A Vision Transformer in six lines: patchify, embed, add position, attend, read out.

Why CNNs don't simply disappear

It is tempting to declare the convolution dead, but the honest story is more interesting. A CNN is built with strong inductive biases baked in: it assumes nearby pixels are related (locality) and that a cat is a cat wherever it appears in the frame (translation equivariance). Those assumptions are gifts — they let a CNN learn from a modest dataset. A ViT makes almost none of those assumptions; attention treats all patches as equally connectable. That freedom is exactly its weakness on small data.

The original 2020 ViT paper made this brutally clear. Trained from scratch on ImageNet (about a million images), ViT actually lost to a comparable ResNet. It only pulled ahead once it was pretrained on a vastly larger dataset of hundreds of millions of images — then fine-tuned on the smaller target task. With enough data, the transformer learns the locality a CNN was handed for free, and then keeps going. The lesson is a recurring one in this field: a flexible model plus enormous data can beat a hand-crafted prior, but only past a scale threshold.

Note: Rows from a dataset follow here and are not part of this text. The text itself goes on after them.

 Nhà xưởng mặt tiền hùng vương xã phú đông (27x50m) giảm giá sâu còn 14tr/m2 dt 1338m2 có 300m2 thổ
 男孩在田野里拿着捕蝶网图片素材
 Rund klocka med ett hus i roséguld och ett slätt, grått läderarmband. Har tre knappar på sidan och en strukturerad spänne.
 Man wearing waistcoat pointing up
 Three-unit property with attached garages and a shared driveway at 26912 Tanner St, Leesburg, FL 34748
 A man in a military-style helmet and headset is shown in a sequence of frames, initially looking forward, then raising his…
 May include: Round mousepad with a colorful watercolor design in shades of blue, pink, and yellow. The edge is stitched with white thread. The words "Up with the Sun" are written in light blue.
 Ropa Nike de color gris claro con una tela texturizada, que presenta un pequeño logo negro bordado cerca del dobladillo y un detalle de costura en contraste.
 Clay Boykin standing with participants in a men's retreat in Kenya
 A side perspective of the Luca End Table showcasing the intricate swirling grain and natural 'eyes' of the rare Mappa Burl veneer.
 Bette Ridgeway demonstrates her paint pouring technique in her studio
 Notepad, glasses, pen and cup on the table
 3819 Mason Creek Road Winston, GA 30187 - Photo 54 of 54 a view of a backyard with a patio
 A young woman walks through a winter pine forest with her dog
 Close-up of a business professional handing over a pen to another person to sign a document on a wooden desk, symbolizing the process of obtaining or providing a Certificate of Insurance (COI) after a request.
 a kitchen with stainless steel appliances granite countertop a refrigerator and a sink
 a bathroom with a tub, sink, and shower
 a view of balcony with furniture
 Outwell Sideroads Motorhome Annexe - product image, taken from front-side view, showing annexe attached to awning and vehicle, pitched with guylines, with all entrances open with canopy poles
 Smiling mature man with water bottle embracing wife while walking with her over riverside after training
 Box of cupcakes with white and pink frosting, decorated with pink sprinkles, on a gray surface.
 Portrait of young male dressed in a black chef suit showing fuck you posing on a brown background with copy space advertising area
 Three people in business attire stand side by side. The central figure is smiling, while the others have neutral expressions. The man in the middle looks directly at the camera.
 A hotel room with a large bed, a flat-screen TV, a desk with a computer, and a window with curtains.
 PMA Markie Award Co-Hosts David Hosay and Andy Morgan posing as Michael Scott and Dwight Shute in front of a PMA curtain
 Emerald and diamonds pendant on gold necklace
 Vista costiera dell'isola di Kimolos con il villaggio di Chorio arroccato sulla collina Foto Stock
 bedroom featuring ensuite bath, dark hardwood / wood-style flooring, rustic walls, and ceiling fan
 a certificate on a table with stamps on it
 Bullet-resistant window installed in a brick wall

CLIP: teaching pictures and words to share a space

Once images and text both live as sequences of tokens, a tantalizing possibility opens up: could one model understand both at once? CLIP (Contrastive Language–Image Pre-training, 2021) is the breakthrough answer. It uses two encoders — one image encoder (often a ViT) and one text encoder (a transformer) — and trains them to place a picture and its caption at the same spot in a shared embedding space. No hand-labeled categories required; the supervision comes free, from hundreds of millions of image–caption pairs scraped off the web.

The training objective is contrastive learning, and the idea is gorgeous in its simplicity. Take a batch of, say, 256 image–caption pairs. Encode every image and every caption into vectors. Now the model is shown all 256x256 possible image–text combinations and told: the 256 real pairs should score high (pull them together), and all the mismatched pairs should score low (push them apart). It never learns a fixed list of labels. It learns the far richer skill of judging how well any caption matches any image.

The payoff is striking: CLIP can do zero-shot image classification on categories it was never explicitly trained on. To ask "is this a photo of a corgi?", you simply encode the text "a photo of a corgi" and several other candidate sentences, encode the image, and pick whichever caption sits closest to the image in the shared space. You can invent new categories at test time just by writing new sentences — no retraining, no labeled examples.

What this unlocks — and what it really can't do

CLIP's shared image–text space turned out to be a quiet foundation under much of modern AI. It is the bridge inside many multimodal models that can describe a photo or answer questions about it, and its text encoder is what lets a text-to-image system steer image generation from a written prompt — the topic of the very next guide on diffusion. Treating patches as tokens did not just give us a new classifier; it gave vision a common language with text.

Now the honest limits. CLIP recognizes; it does not localize. It will happily tell you a fire hydrant is in the image but, on its own, cannot draw a box around it — that still needs detection methods. It is also surprisingly weak at counting ("three cats" often looks much like "two cats" to it) and at fine spatial relations ("the cup left of the plate"). And because its training captions were scraped from the open web, CLIP absorbs the web's biases and blind spots — it knows the visual world the internet chose to photograph and caption, not the world as it is.

Keep one more thing in proportion. "Zero-shot" sounds like magic, but it only works for concepts that were richly represented somewhere in those hundreds of millions of training captions. Ask CLIP about a rare medical condition or a niche industrial part it never saw described, and the magic evaporates. The model is not reasoning about novel categories from first principles; it is retrieving and recombining patterns it has, in some diffuse sense, already seen. That is genuinely powerful — and genuinely not the same as understanding.